SkillOpt is the highest-authority learning path. Most trace-derived artifacts advise retrieval or synthesis. SkillOpt can rewrite instructions that future agents follow, so its dirty-tree, bundled-skill, benchmark, held-out, and validation gates are more consequential than ordinary retrieval evals.
What to Watch
- Whether hot-memory
_metabecomes supported by more host agents and whether any host logs prove the agent actually used injected facts. - Whether automatic fact/atom/pattern/concept synthesis gains per-claim provenance spans and review state comparable to source-grounded notes.
- Whether database-only retained state gets a complete export/restore path into the brain repo or another auditable artifact bundle.
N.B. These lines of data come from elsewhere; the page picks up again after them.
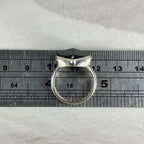 Tourmaline Sterling Silver Ring
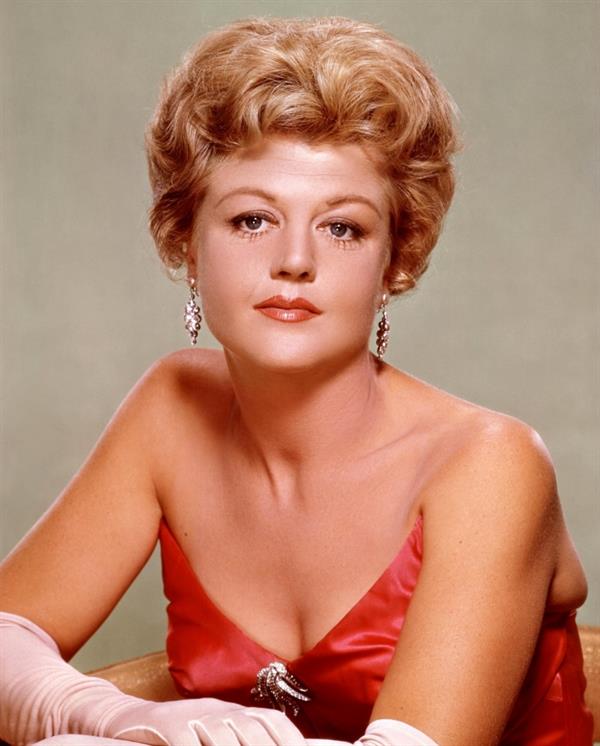 Angela Lansbury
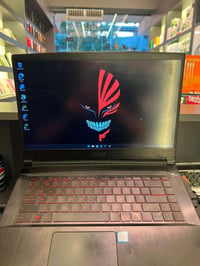 لاب توب MSI • GTX 1050 Ti • 16GB رام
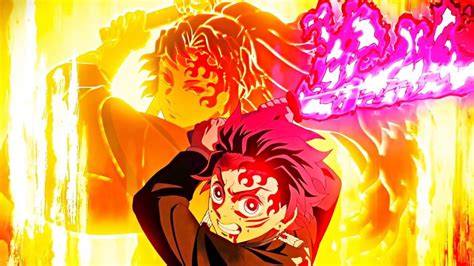 Tanjiro luchando contra el Demonio Mutante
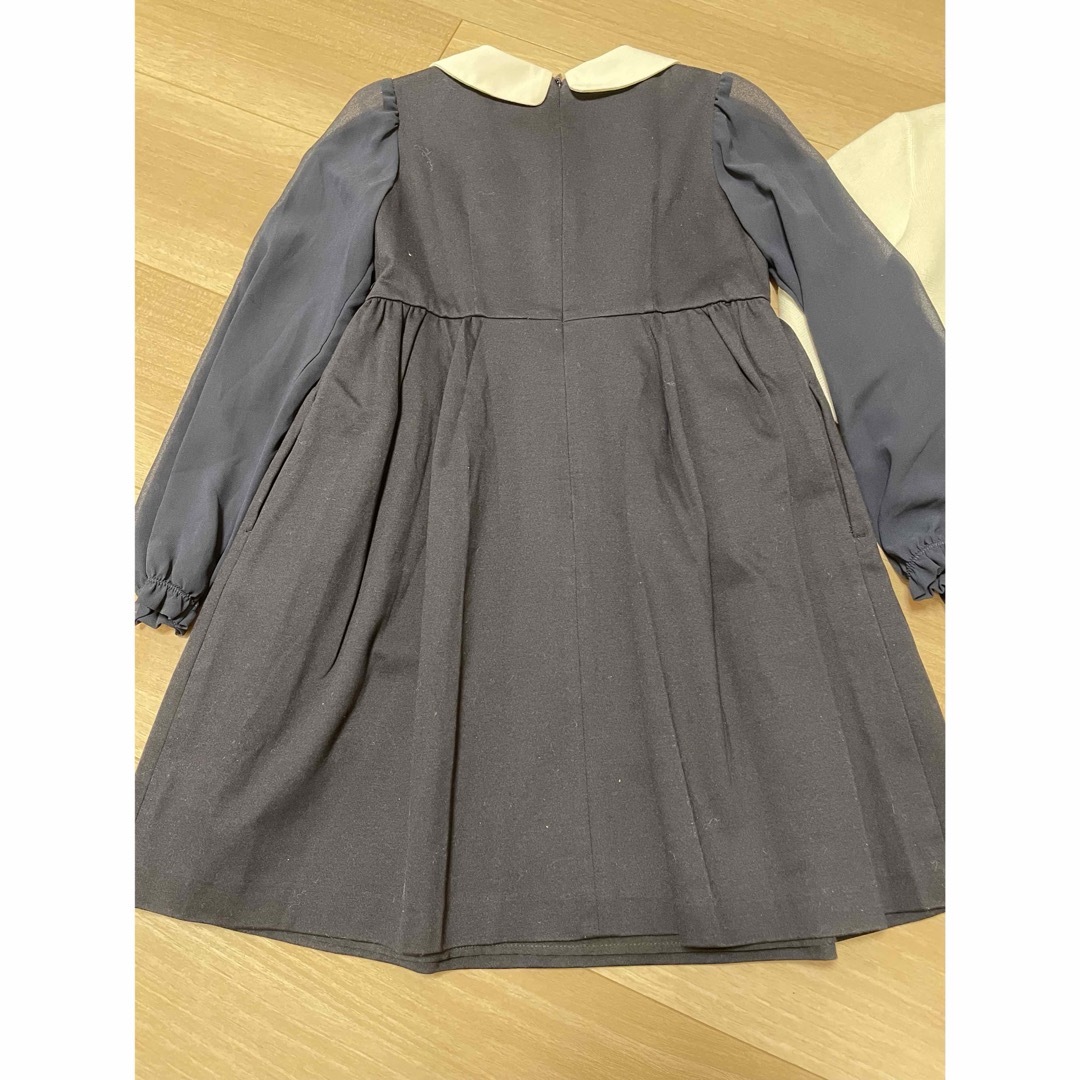 TOCCA BAMBINI - トッカ ワンピース 120 入学式 発表会 女の子 TOCCA BAMBINI - トッカ ワンピース 120 入学式 発表会 女の子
- Whether schema-authoring and skillopt mutations become common over remote MCP; that would raise the importance of audit trails, held-out tests, and rollback.
- Whether retrieval benchmarks cover the full read-back stack, including graph signals, trajectory injection, hot facts, and pushed skill instructions.
Relevant Notes:
- Trace-derived learning techniques in related systems - places: GBrain derives facts, atoms, concepts, patterns, eval rows, and skill candidates from conversation/session/tool traces and retained evidence.
- Knowledge storage does not imply contextual activation - distinguishes: GBrain has both explicit pull retrieval and pushed hot-memory/trajectory context.
- Axes of artifact analysis - applies: GBrain's markdown, DB rows, embeddings, graph links, skills, and operation definitions carry different forms and authorities.
- Knowledge artifact - classifies: pages, facts, takes, trajectories, and syntheses usually advise rather than enforce.
- System-definition artifact - classifies: operations, auth scopes, skills, schema packs, validators, queues, and ranking/indexing code govern future behavior.
- Use trace-derived extraction as meta-learning - exemplifies: GBrain's hot facts, dream cycle, eval capture, and skillopt are trace-derived learning paths with different promotion thresholds.